▶ **ABOUT THIS TASK**
Word for word, restate the records from their first line through the line with "Der Zoll überprüfte", both ends included; omit each picture.
>>>>
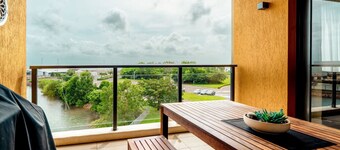 Oceanfront Marvel: Harbour View ~ Pool ~ Parking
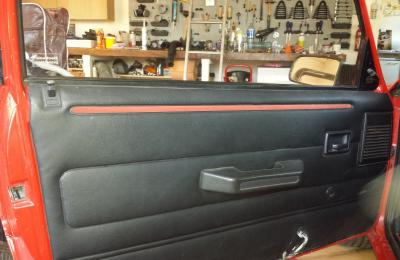 Peugeot 205 xs 3 portes interieur complet 1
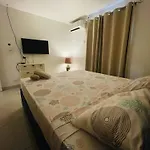 Bula Breeze Lodge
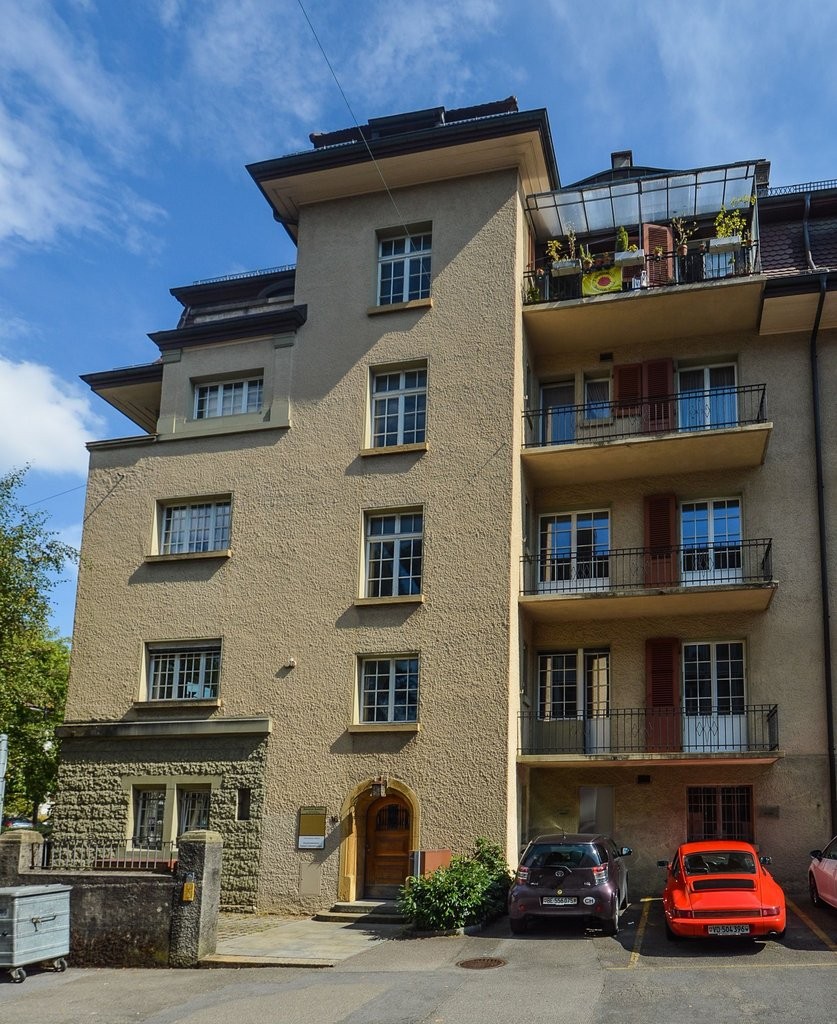 211m² office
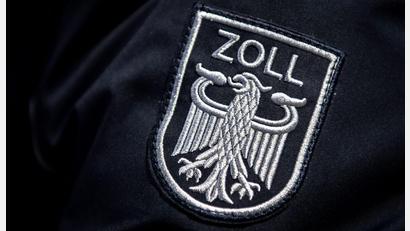 Bild: Sina Schuldt/dpa
Der Zoll überprüfte 57 Betriebe in München. (Symbolbild)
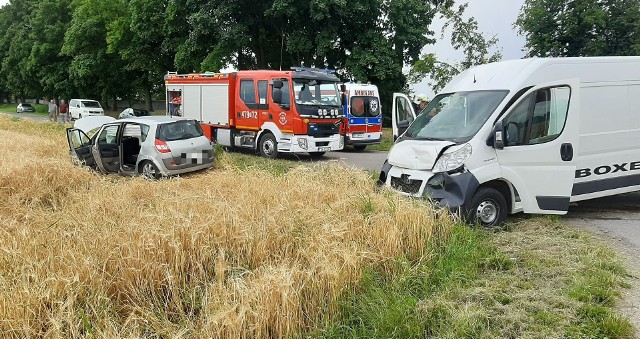 Dwie osoby ucierpiały w wypadku, kt&oacute;ry wydarzył się w czwartek w miejscowości Goźlice w powiecie sandomierskim. Z naszych wstępnych ustaleń wynika, że 68-letni kierowca osobowego renaulta wymusił pierwszeństwo i zderzył się z dostawczym peugeotem, kierowanym przez 39-latka - wyjaśnia Paulina Kalandyk, rzecznik prasowy komendanta powiatowego policji w Sandomierzu. Obaj kierujący byli trzeźwi. Do szpitala przewieziono 15-letnią pasażerkę busa oraz 48-letniego pasażera renaulta.Na kolejnych slajdach zdjęcia z wypadku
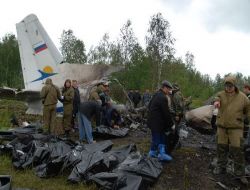 İşte Bu Uçak Enkazından 4 Kişi Sağ Kurtuldu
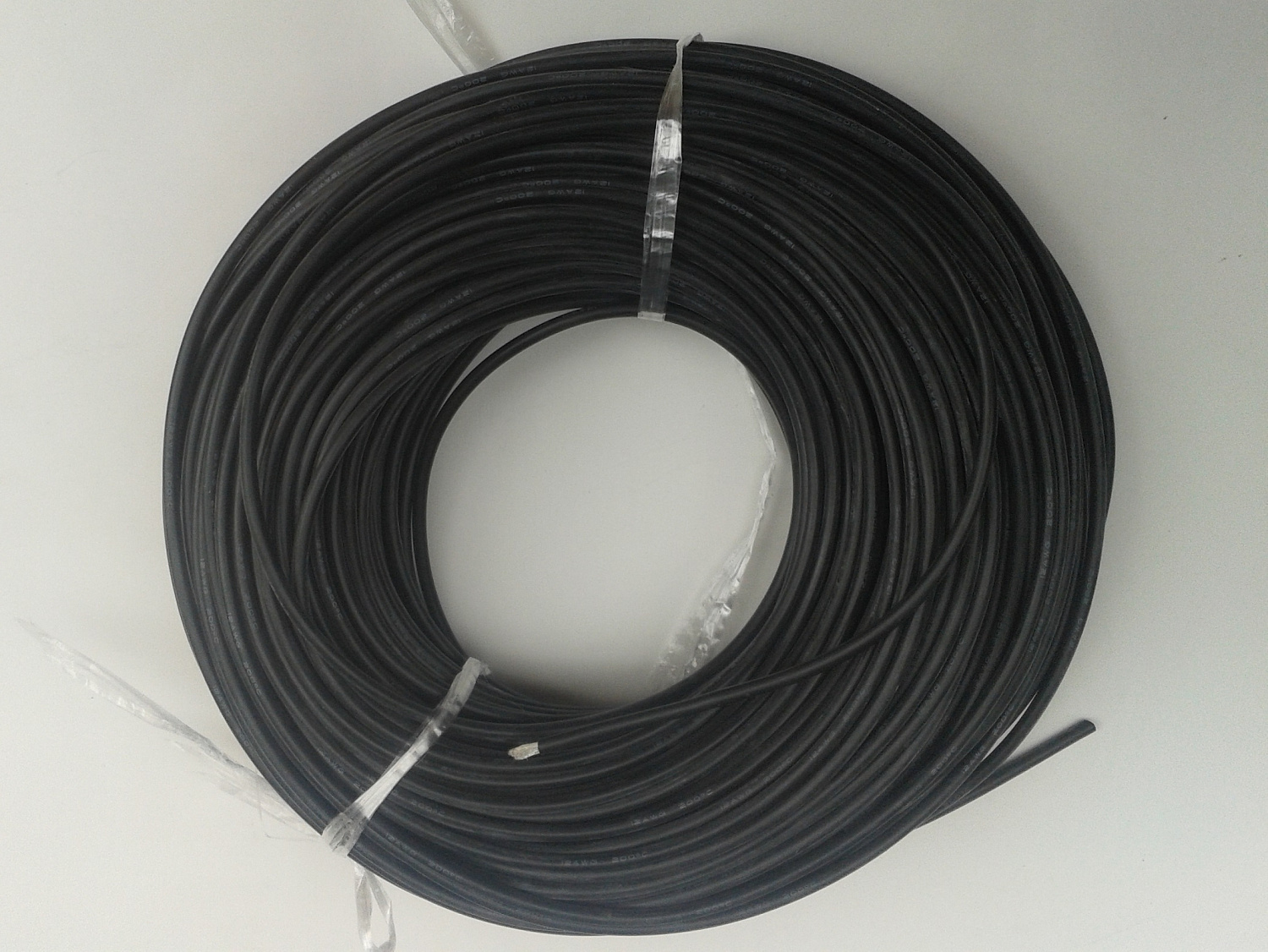 Силовой силиконовый кабель 12 AWG (чёрный) Силовой силиконовый кабель 12 AWG (чёрный)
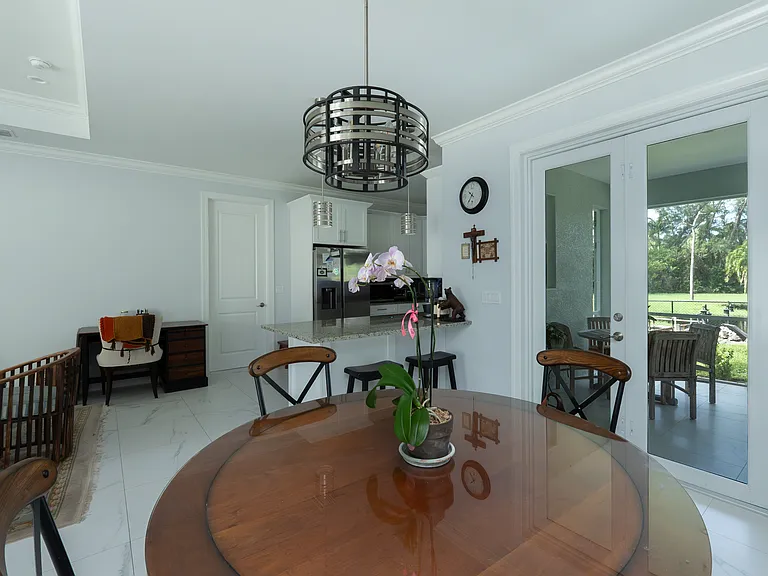 260 Price St — Photo 13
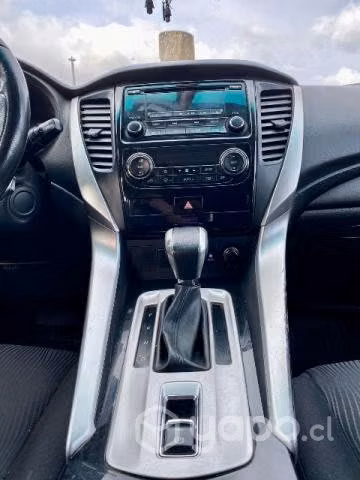 MITSUBISHI MONTERO SPORT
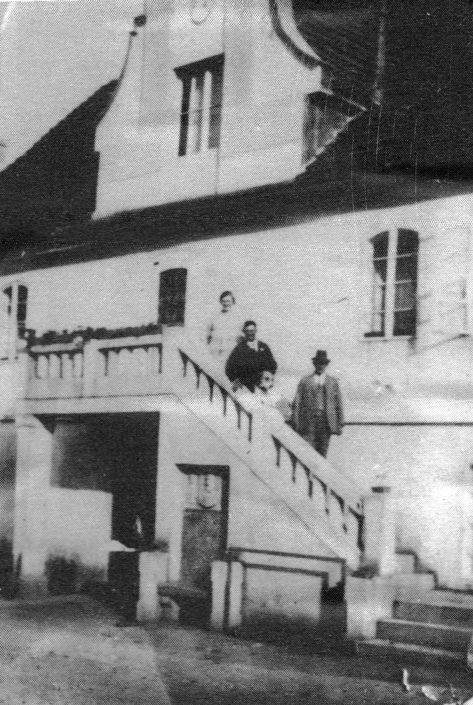 Fotografie z Přibenic (Pschibenz) - památník Hanse Kudlicha na statku rodiny Schuh, rok 1924, zdroj: Heimatstube Podersam - Jechnitz in Kronach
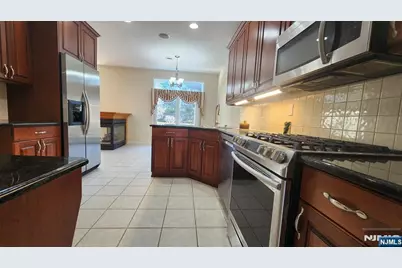 108 Winding Creek, Old Tappan, NJ 07675 - Photo 6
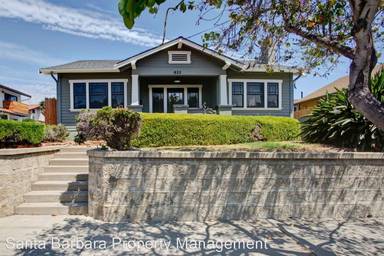 Main picture of 830 Olive St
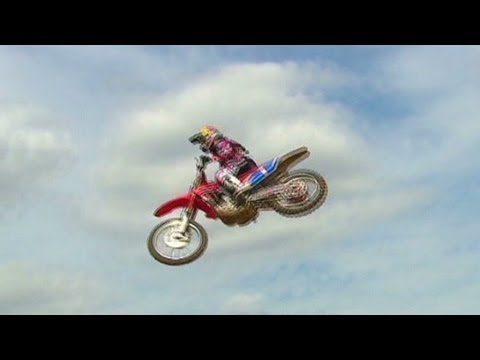 CNN: Deaf female motocross racer, Ashley Fiolek, overcomes - UCupvZG-5ko_eiXAupbDfxWw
<<<<
▶ **YOUR RESPONSE**
 Oceanfront Marvel: Harbour View ~ Pool ~ Parking
 Peugeot 205 xs 3 portes interieur complet 1
 Bula Breeze Lodge
 211m² office
 Bild: Sina Schuldt/dpa
Der Zoll überprüfte 57 Betriebe in München. (Symbolbild)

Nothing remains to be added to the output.